I also received my degree classification last Friday.  I have been awarded a First Class Degree in History & Archaeology MA with Honours.  It’s a mouthful, but basically it means I did a pretty damn good job.  A First is the highest degree classification you can get in the UK.  Also, as I found out yesterday, I was one of two students to receive the Archaeological Dissertation Prize.  The award was split this year and is awarded to the student (or students) who received the highest mark for the year on their dissertations.  Maybe it’s time to actually print copies…

If you can remember that far back to April, my dissertation focused on architectural archaeology and cultural heritage management of the Botanic Cottage at the Royal Botanic Garden Edinburgh.  I pulled in a lot of my experiences volunteering at the Cottage for the past two years as well.

But yeah. It’s been exciting.

And honestly, it’s a week illustrating what happens when you really, really want something.  I guess dreams really do come true, kiddos.  And, like, I really, really don’t want to sound like an asshole, but I’m so proud.  I am graduating from a top 20 world university with top honours, hanging out at an archaeological site all summer, and then starting a Masters in a field I love.

I never compare myself to others because we are all flowers growing at our own pace,  however, I do compare myself to past versions.  This is my evaluation: present-Kenn is everything past-Kenn hoped she would be, but, present-Kenn still has work to do so future-Kenn can be her best version.

But, I could have never done it without my friends or my parents or my lecturers or my supervisors or the RBGE or the BRP.  My heart is so full and I owe it to you all.

I’m back to Bamburgh this afternoon and then back to Edinburgh again next week.  My family is arriving for my graduation not long after I get back and it’ll be great to see them.

Happy Summer Solstice!

 

whoa-o we’re halfway there

Hello friends!  It’s me.  Back in civilisation after a month of traveling around and living in the ~great outdoors~.  But just for a bit.

I’ve just finished week two (of five) of the Bamburgh Research Project.  I’m excavating at Bamburgh Castle aka the Anglo-Saxon capital of Northumbria.  There are three weeks left of the excavation but I caught a ride back up to Edinburgh to water my plants, do my laundry, and check up on things around here.

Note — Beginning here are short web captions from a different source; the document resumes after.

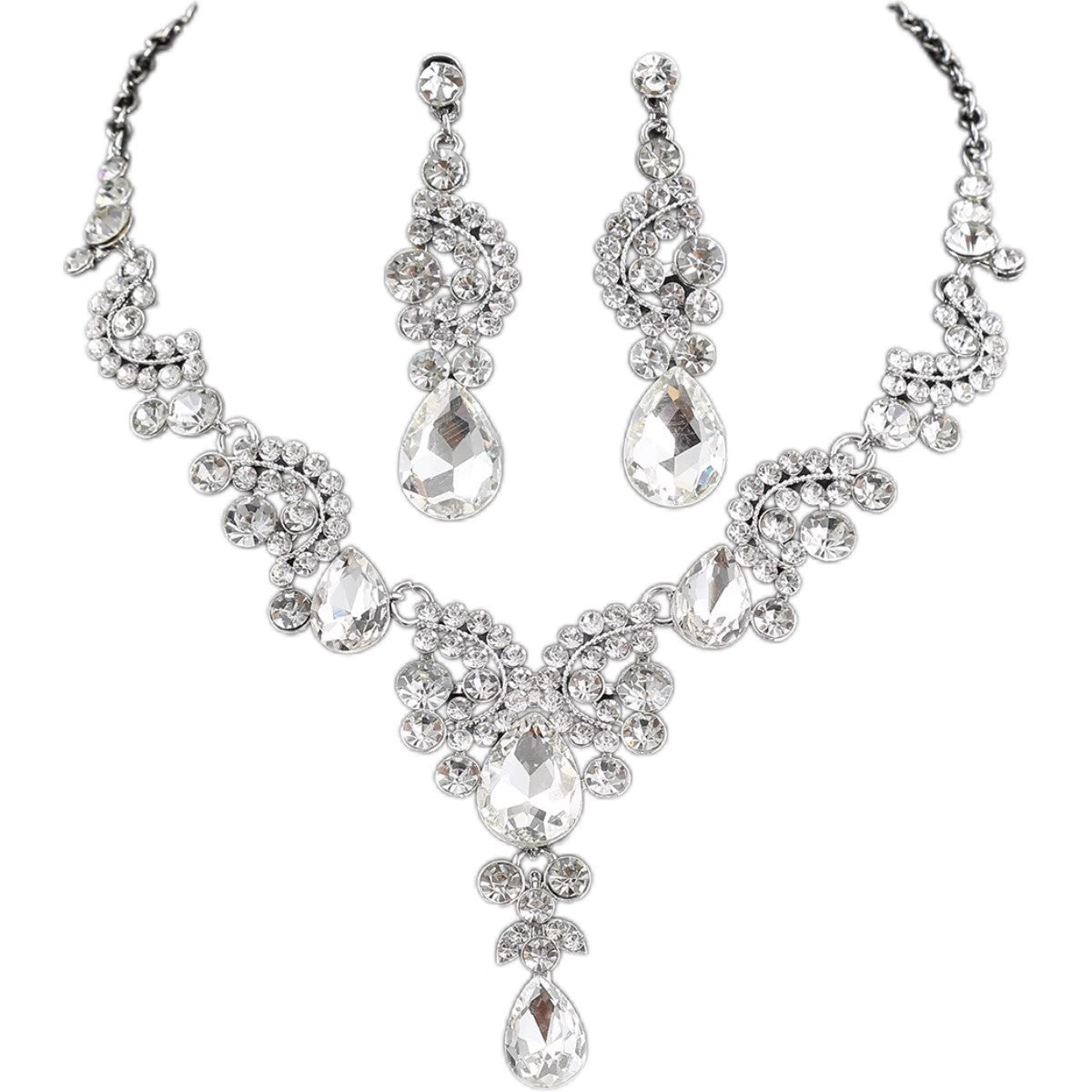 Teardrop diamond tassel necklace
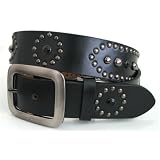 (トレンディーファッション)Trendy Fashion blackストーン付き スタッズレザーベルト 11AB03 64672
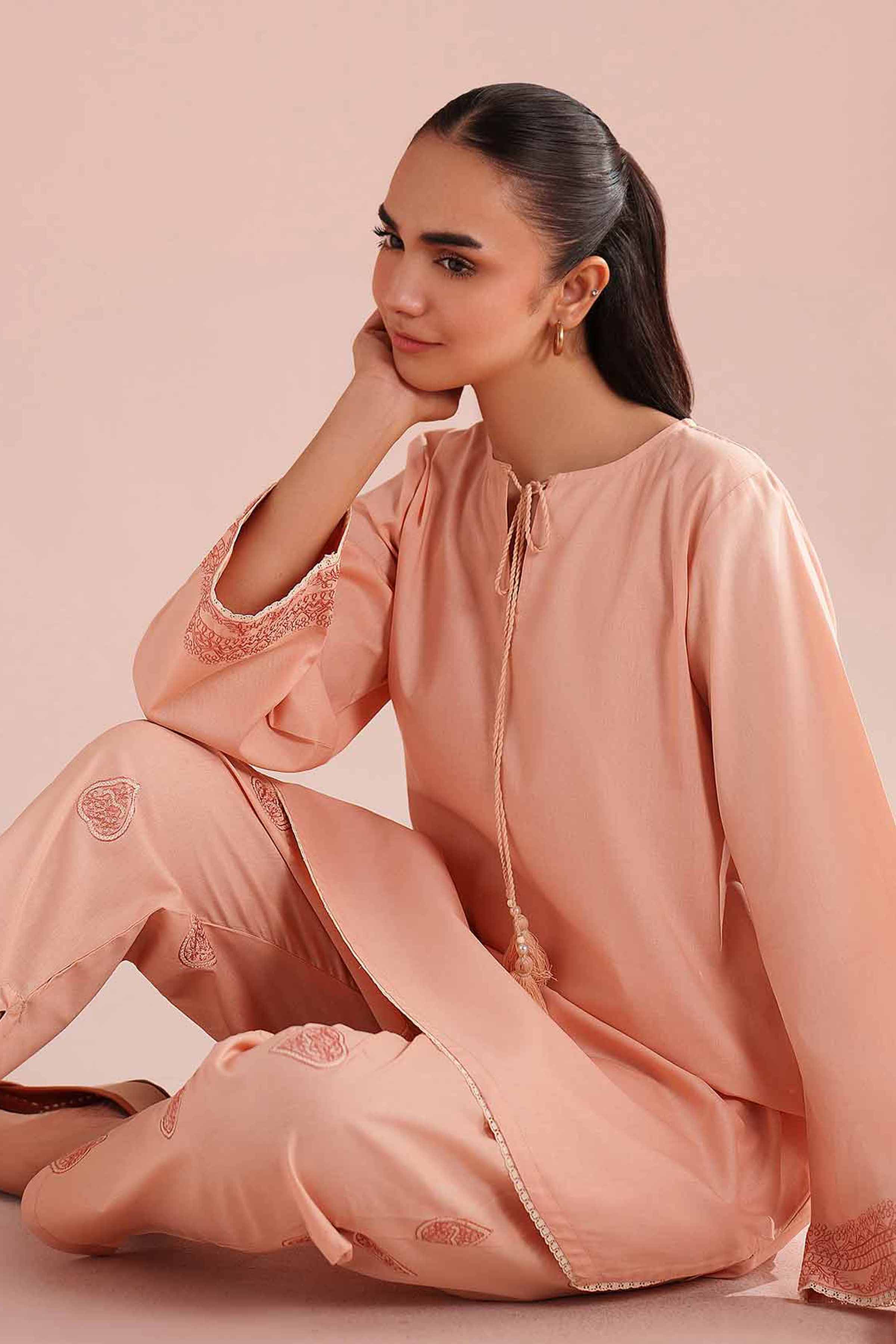 NishatUK - Orange Embroidered Linen 2-piece ready to wear Dress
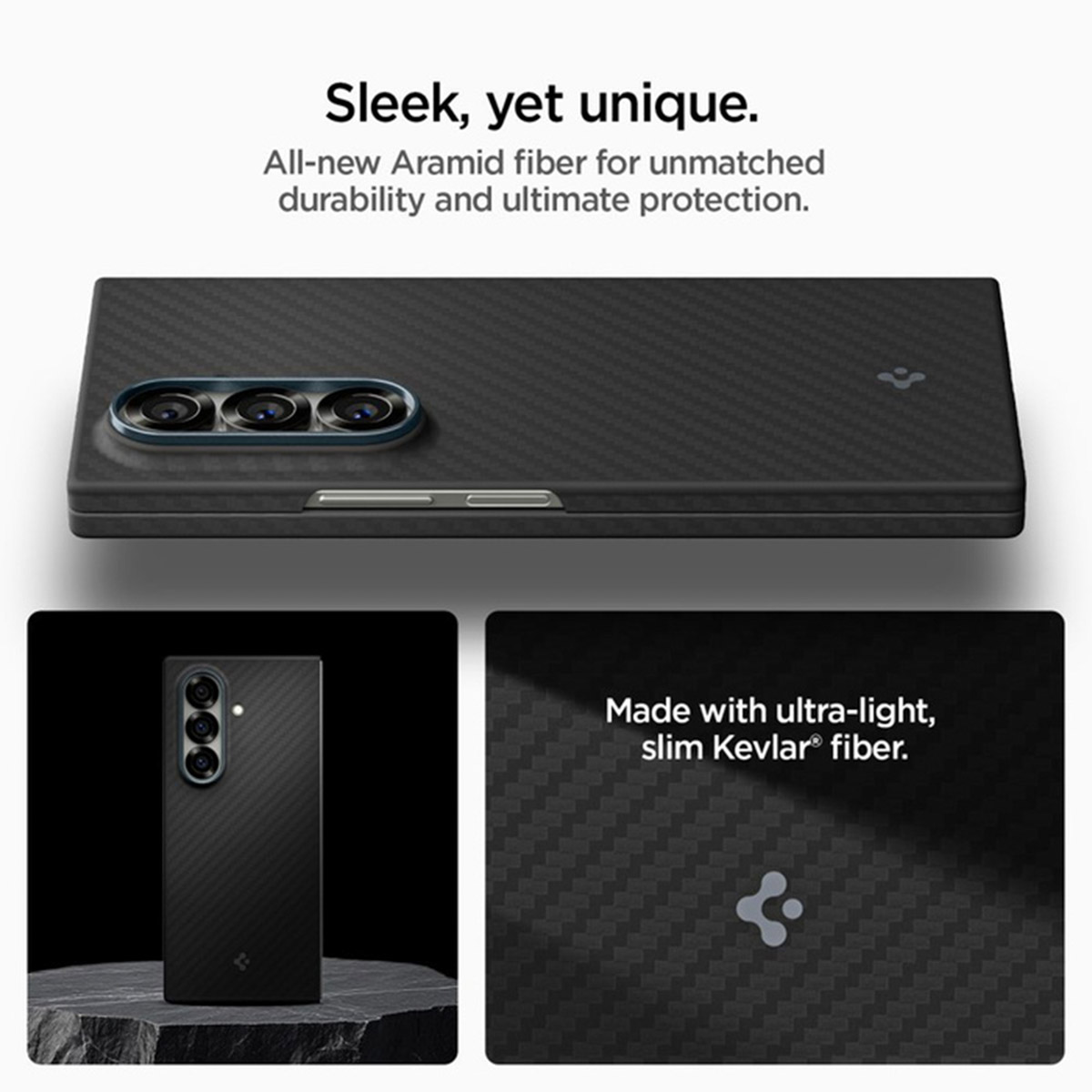 L'immagine mostra una custodia per telefono con una trama in fibra di carbonio. Il testo recita 'Elegante, ma unico' e 'Realizzato con fibra Kevlar® ultra-leggera e sottile'.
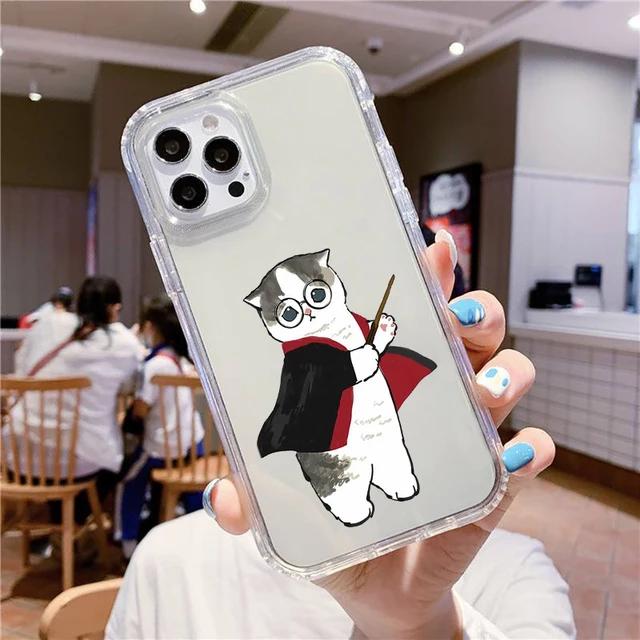 Husă de telefon pentru cuplu de pisici de desene animate 11 12 13 14 15 Pro MAX 7 8 Plus Huse pentru iPhone XR X XS Husă Fundas antișoc Genți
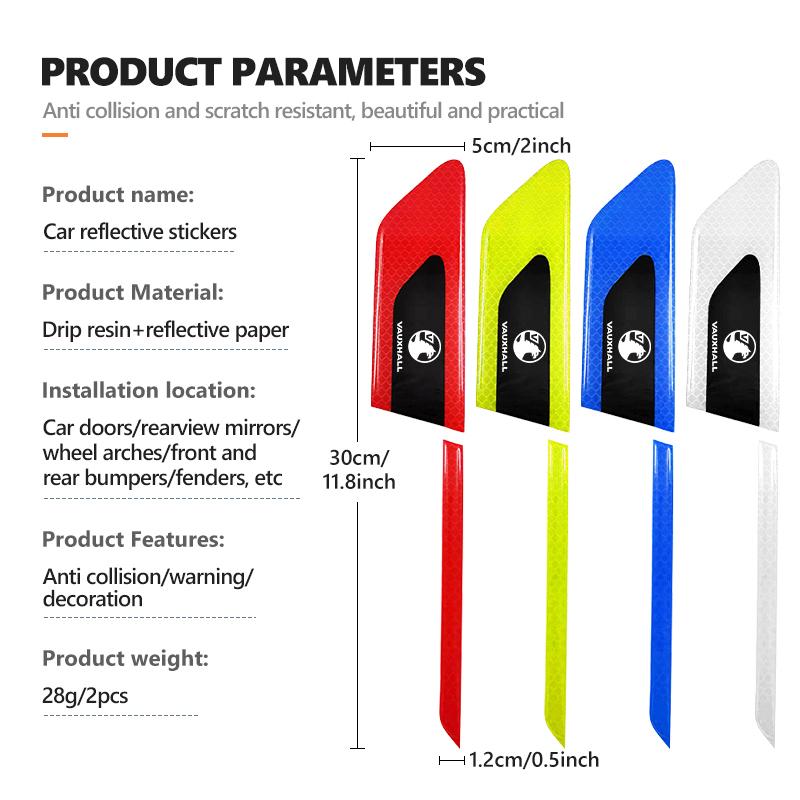 Car Door Reflective Safety Strip Stickers Warning Safety Tape For Vauxhall Corsa VXR Crossland Combo Life Astra Mokka Grandland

Just quickly because I’ll write a longer post at the end of the excavation, I’ve been working in the outer ward of the castle which was used as a manufacturing centre for the castle.  Think metal working, smithing, and animal production.  Past excavations have uncovered everything from patent welded swords to a metric fuckton of animal bone.  I’m staying in Belford with the rest of the excavation crew, in you guessed it, another tent!  And you guessed it, my back hates me.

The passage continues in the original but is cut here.